This is a guest post from Sheryl (a.k.a Cdn Gwen) in Ontario, who is 40 years old with a grown daughter, and is trying to rebuild her retirement dream just 20 years too late for early retirement.
Just before Christmas, this blog was approached to review Quicken 2012. Knowing I was evaluating a variety of personal budget software, Tim offered the task to me.
I went into this experience completely blind, the only financial software I had used before this was the system use have at work (industry specific), the invoice creation function in Quick Books at my second job, and a plethora of downloaded spreadsheet solutions found on the internet.
So in my first attempt, I installed the program on my PC, went through the introduction, and downloaded ALL of my accounts form all the financial institutions I deal with. I ended up with a big, confusing mess. While I was impressed that the program had categorized most of my expenses, and I could generate endless reports based on that data, I really had no idea what to do with it. The other issue I initially had was that I try to mostly use cash, and was having a very hard time figuring out how to work cash in my wallet into the program. I almost gave up.

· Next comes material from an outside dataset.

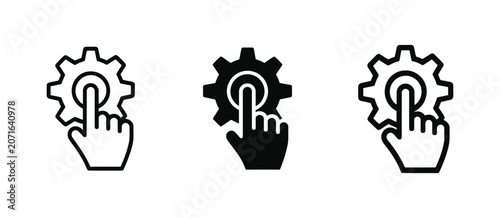Fotografía Manual configuration and system settings hand touch icon set featuring gear controls, customization and user interaction symbols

I deleted everything (except the program itself). I researched on various chat forums and websites for any guidance on how to use Quicken. Most of the responses I found were for older versions, and I started feeling that if I were to continue trying to use it, it would be very cumbersome. Not wanting to accept defeat, I figured I would try again, but start with only the account I use for my regular household bills, and track my cash in a spreadsheet on my own. I had read about using the savings goal as a way of tracking cash on hand, I tried it, but it felt too much like a work around.
I became comfortable with how the one chequing account was being monitored and reported, so I added my other chequing and savings accounts; then I added in my mortgage and debts, and then I discovered CASH ACCOUNTS!!
I could set up accounts within Quicken where I could log the cash in my wallet, how it got there, and where it fit in with my budgetary spending. I was ecstatic when I found this!! I could set up an entire envelope system if I wanted to!! I tried to share my excitement with some non-money nerd people, but they just didn’t seem to get it (go figure, lol). I promptly set up one account for my main wallet, and another for my U.S. funds wallet, so my cross border shopping trips could be accurately tracked (including taking exchange rates into consideration). I was on a roll, I was just about to start setting up cash accounts to track the gift cards in my wallet, but then I figured that might be going a little far (I just show them as “gift card income” showing a credit to my wallet, and a debit in the appropriate category).
Now that I’ve figured out how to use the program, I am impressed with its intuitiveness and ease of use. I have found the program will be as general, or as detailed as you want it to be. Adding new categories to track is easy. I can split purchases into multiple categories, (which comes in very handy when my daughter comes with me shopping and I pay by debit card and she reimburses me with cash).
All in all, I have to admit I’m a convert. Two thumbs up!!